DE RUEHMO #1350/01 1461315
P 261315Z MAY 09

C O N F I D E N T I A L SECTION 01 OF 03 MOSCOW 001350 
E.O. 12958: DECL: 05/26/2019 
Classified By: Political Minister Counselor Alice G. Wells; reasons 1.4 
1. (C) Summary: In the past week President Medvedev has 
stepped forward to chastise United Russia, Prime Minister 
Putin's political creation and vehicle for his political 
interests, for its reluctance to engage political opponents 
in public debate. This salvo at United Russia has triggered 
predictable speculation over more contentious relations to 
come between Medvedev and Putin. The question of debates and 
governing party/government performance also comes at a time 
when rumors abound of Medvedev swapping out long-time and/or 
ineffective governors for persons loyal to him.  While party 
insiders assured us of the ongoing, stable cooperation 
between the two leaders, they also told us that the 
uncertainty of the length and depth of the economic crisis 
has left top party leaders unwilling to assume that they can 
coast to victory in fall regional elections, and thereby 
leading them to take steps now such as identifying 
ineffective regional governors, in an attempt not to cede any 
political space to the opposition.  End Summary. 
Criticism - Constructive or Destructive? 
2. (C) On the heels of Prime Minister Putin's interview to 
Japanese media, in which he posited a scenario under which he 
might return as president in 2012 (Ref A), President Medvedev 
criticized the reluctance of United Russia to engage 
opposition parties in public debate over government policies. 

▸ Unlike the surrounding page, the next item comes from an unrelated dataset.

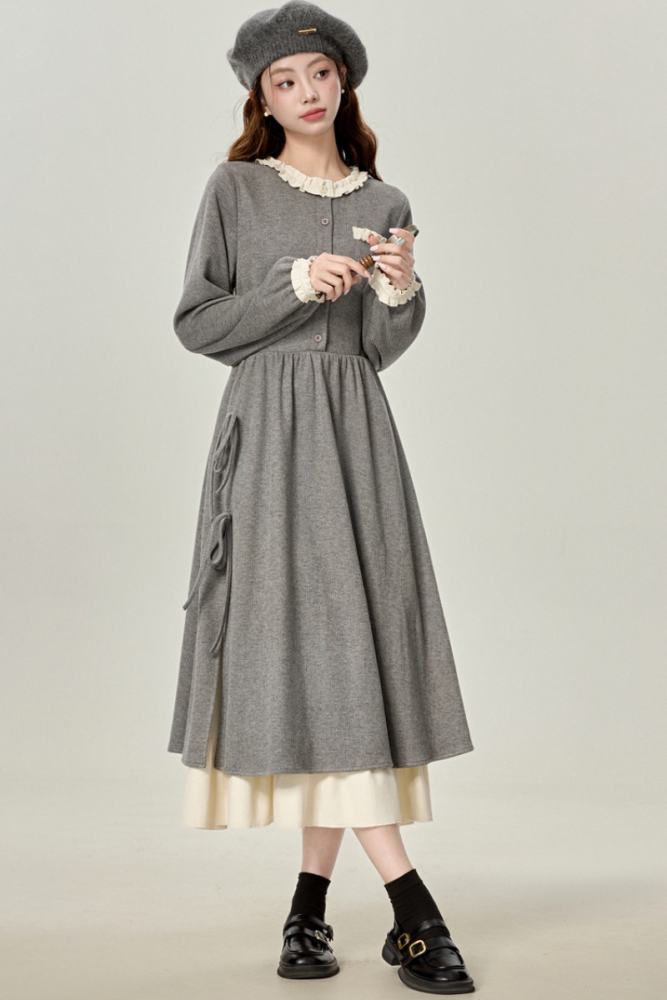 grey retro dress Grey V Neck Plaid Vintage Dress  Jolly Vintage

The lashing was construed by many observers as a reaction to 
the Putin's comments and/or criticism of the leadership of 
the government party in failing to appropriately defend 
government actions from opposition attacks. After it recused 
itself from a first debate with Just Russia, United Russia 
presidium secretary Vyacheslav Volodin stepped up to 
represent the party in a second face-off with Just Russia. 
Media reported that Volodin did well, but that party leaders 
want to give rising stars the opportunity to demonstrate 
their abilities - and defend the soundness of United Russia 
(read Putin's) policies on television to citizens, especially 
those who reside in regions holding elections in the autumn. 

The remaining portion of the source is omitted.